Each of the two independent random variables \(X\) and \(Y\) is uniformly distributed on the interval~\([0,1]\).

  1. By considering the lines \(x+y =\) \(\mathrm{constant}\) in the \(x\)-\(y\) plane, find the cumulative distribution function of \(X+Y\).
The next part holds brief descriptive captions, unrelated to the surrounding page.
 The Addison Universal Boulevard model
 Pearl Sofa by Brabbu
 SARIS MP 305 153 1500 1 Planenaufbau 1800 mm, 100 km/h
  2. Hence show that the probability density function \(f\) of \((X+Y)^{-1}\) is given by \[ \f(t) = \begin{cases} 2t^{-2} -t^{-3} & \text{for \( \tfrac12 \le t \le 1\)} \\ t^{-3} & \text{for \(1\le t <\infty\)}\\ 0 & \text{otherwise}. \end{cases} \] Evaluate \(\E\Big(\dfrac1{X+Y}\Big)\,\).
  3. Find the cumulative distribution function of \(Y/X\) and use this result to find the probability density function of \(\dfrac X {X+Y}\). Write down \(\E\Big( \dfrac X {X+Y}\Big)\) and verify your result by integration.

Show Solution
  1. \(\mathbb{P}(X + Y \leq c) \) is the area between the \(x\)-axis, \(y\)-axis and the line \(x + y = c\). There are two cases for this: \[\mathbb{P}(X + Y \leq c) = \begin{cases} 0 & \text{ if } c \leq 0 \\ \frac{c^2}{2} & \text{ if } c \leq 1 \\ 1- \frac{(2-c)^2}{2} & \text{ if } 1 \leq c \leq 2 \\ 1 & \text{ otherwise} \end{cases}\]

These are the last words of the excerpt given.